Businesses are bracing for a new rule from the Obama Administration that would require companies to report employee pay data broken down by gender and race. The Equal Employment Opportunity Commission recently announced the proposal at a White House equal pay event commemorating the seventh anniversary of the Lilly Ledbetter Fair Pay Act, which made it easier for women to challenge discriminatory pay in court. The proposed revision to the Employer Information Report (EEO-1), which does not need legislative approval, would obligate businesses with 100 or more employees to report W-2 information by slotting employees by gender, race, and ethnicity into a pay band across 10 different job categories. Employers also would be required to report the total number of hours worked by employees in each pay band. The public has until April 1 to submit comments on the proposed regulations, and the EEOC has said the revisions will be finalized by September, with the first reports requiring the inclusion of pay data due in fall 2017.

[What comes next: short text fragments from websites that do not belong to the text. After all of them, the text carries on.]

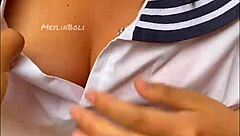 My beautiful neighbor lost the bet and put on that sexy Japanese uniform, so we fucked her while her boyfrend was at work, real homemade vid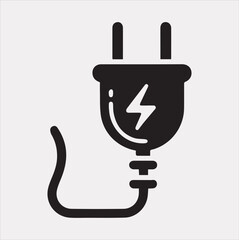 Electric plug icon Vector silhouette icon on a white background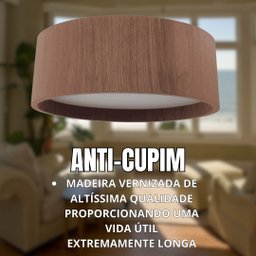 Lustre Plafon Madeira Ripado Redondo 60cm para Sala de Estar Sala de Jantar Cor Málaga - 5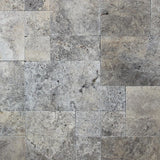 Silver Travertine 3cm Paver Tumbled Versailles Pattern - TILE AND MOSAIC DEPOT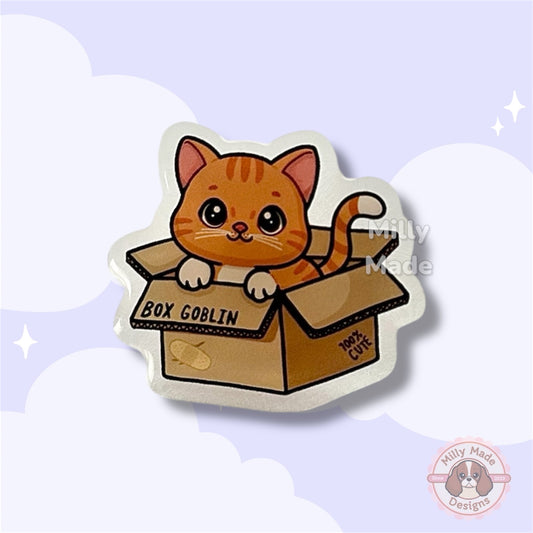 Orange Cat Box Goblin Acrylic Pin with Epoxy Resin | Cute Cat Cartoon | Hand-Drawn Design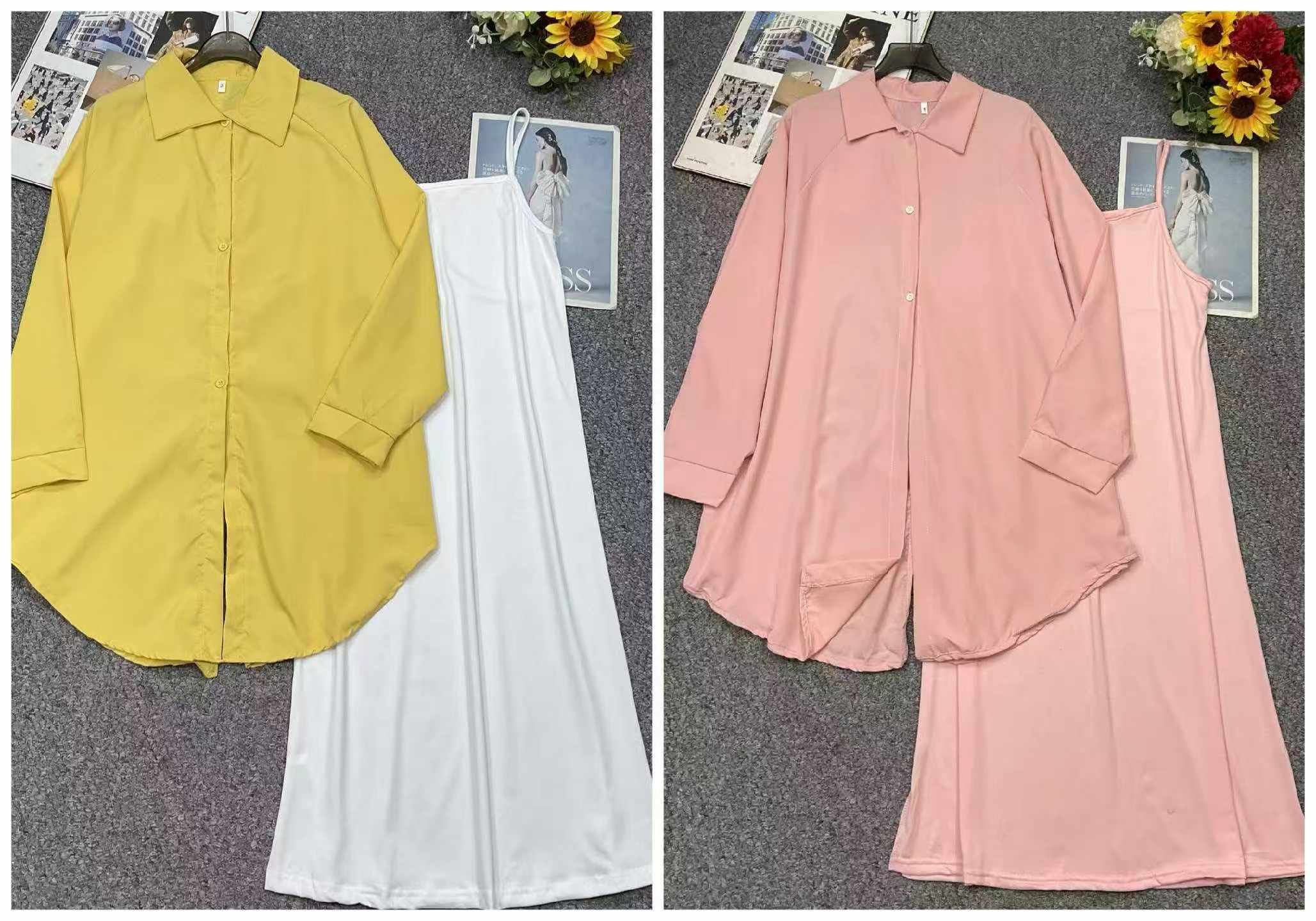 Summer Korean Style 2-Piece Shirt & Maxi Strap Dress, 1015 Pieces Stock Clearance Wholesale - Image 3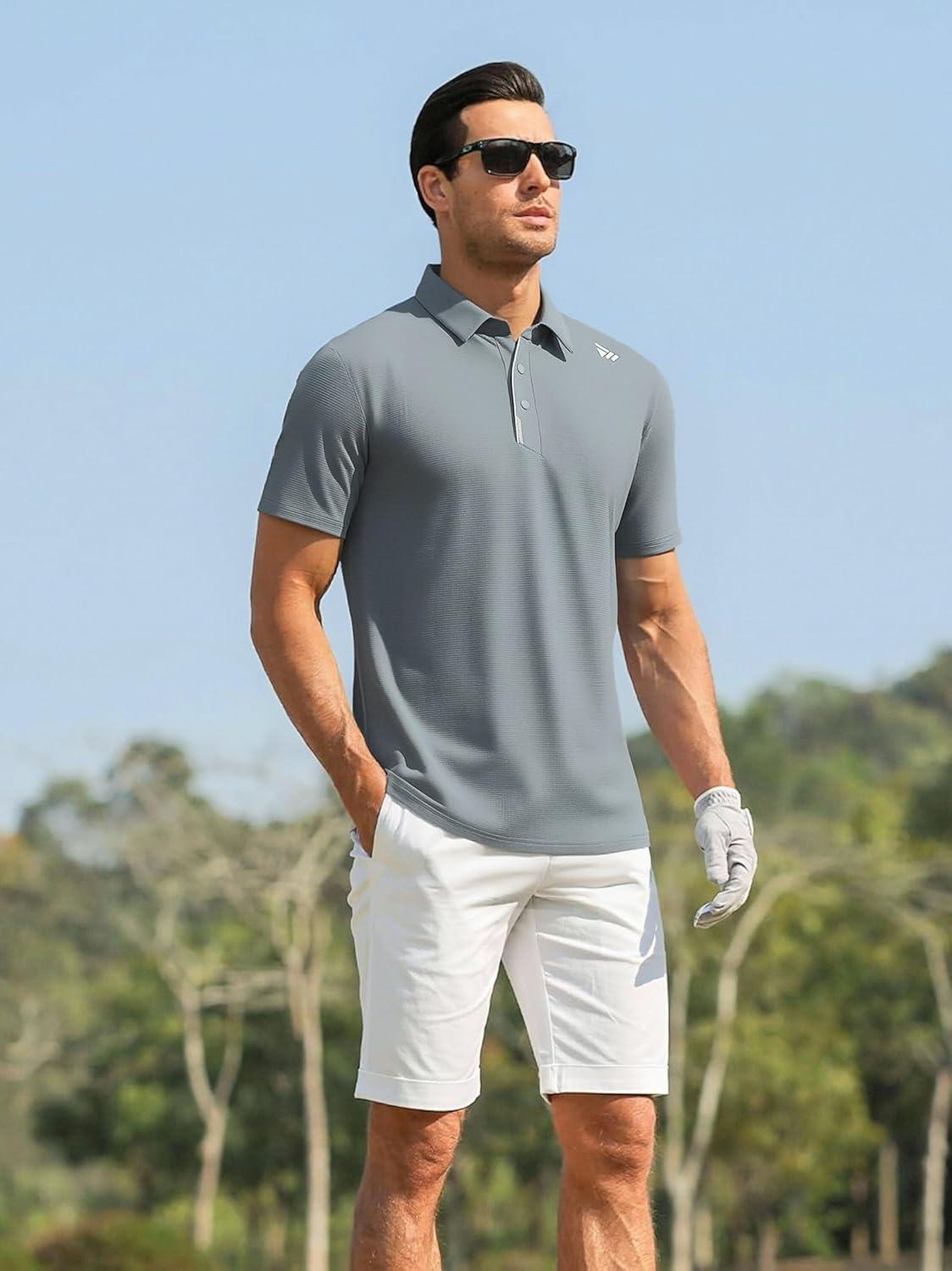 imageAlex Vando Mens Golf Shirts Moisture Wicking QuickDry Short Sleeve Performance Dry Fit Active Men Polo ShirtsGrey
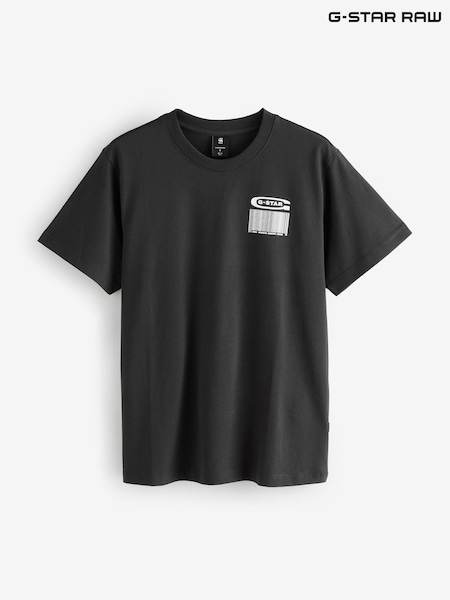 G Star Dark Black Raw Barcode Back Print 100% Cotton T-Shirt (AJ8345) | €80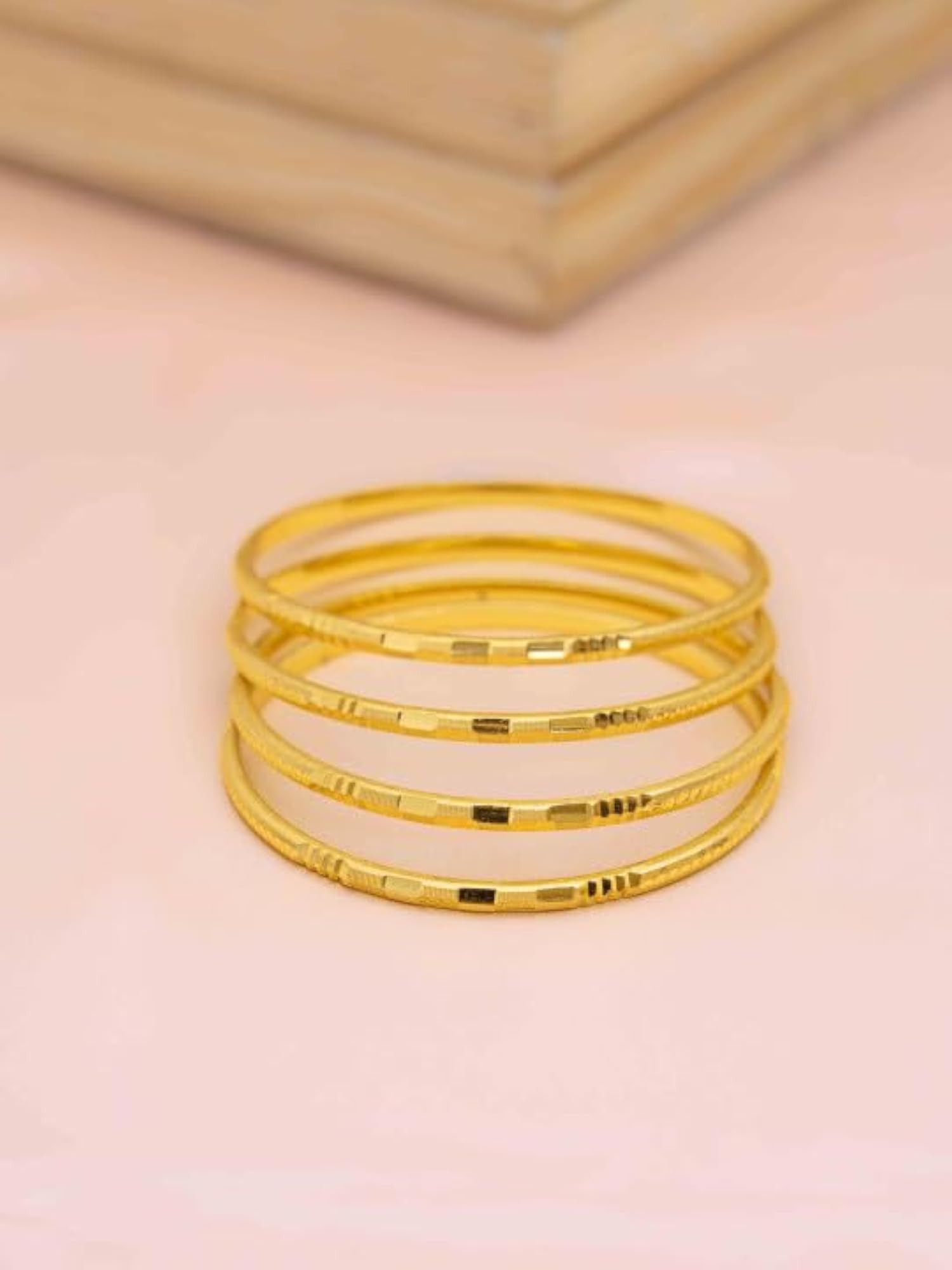 Set of 4 Plated Sunita Bangles, Stylish and Versatile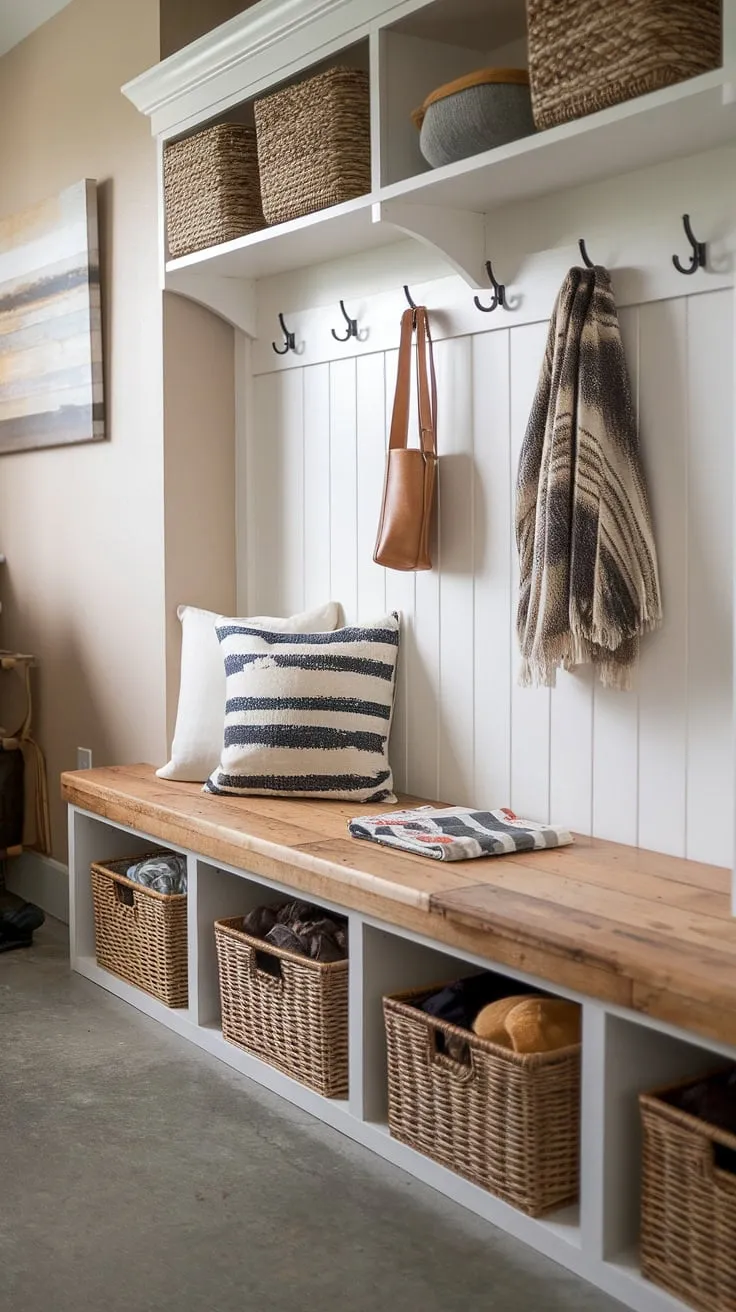 This DIY mudroom bench with storage maximizes space and style. Reclaimed wood adds character, while the baskets underneath keep clutter at bay.  Plenty of mudroom bench ideas come to life with a little creativity!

Not surprisingly, business groups like the Retail Industry Leaders Association and the U.S. Chamber of Commerce have decried the government’s plan. If the regulations are implemented in their current form, they will likely create numerous challenges for companies, not the least of which is added administrative burden. The EEOC estimates it will take the average employer about 6.6 hours to compile the data and complete the new EEO-1 form, at a cost of $160, plus a one-time cost of $378 to develop information systems tracking this data. Many employers and business groups, however, have called the EEOC’s estimates out of touch with the realities of how this data actually is stored and managed.
In addition, the EEO-1 report would be due annually on Sept. 30, and would seek aggregate W-2 data for a 12-month period looking back from a pay period between July 1 and Sept. 30 of the reporting year. As employers typically generate W-2 data at the end of the calendar year, the EEOC’s proposal assumes that employers can make simple changes to their payroll reporting processes to generate “off-cycle” wage reports and that doing so will be a small and inexpensive proposition. While these assumptions may be true for some employers, many will have to add more manpower or new technology to meet the requirements.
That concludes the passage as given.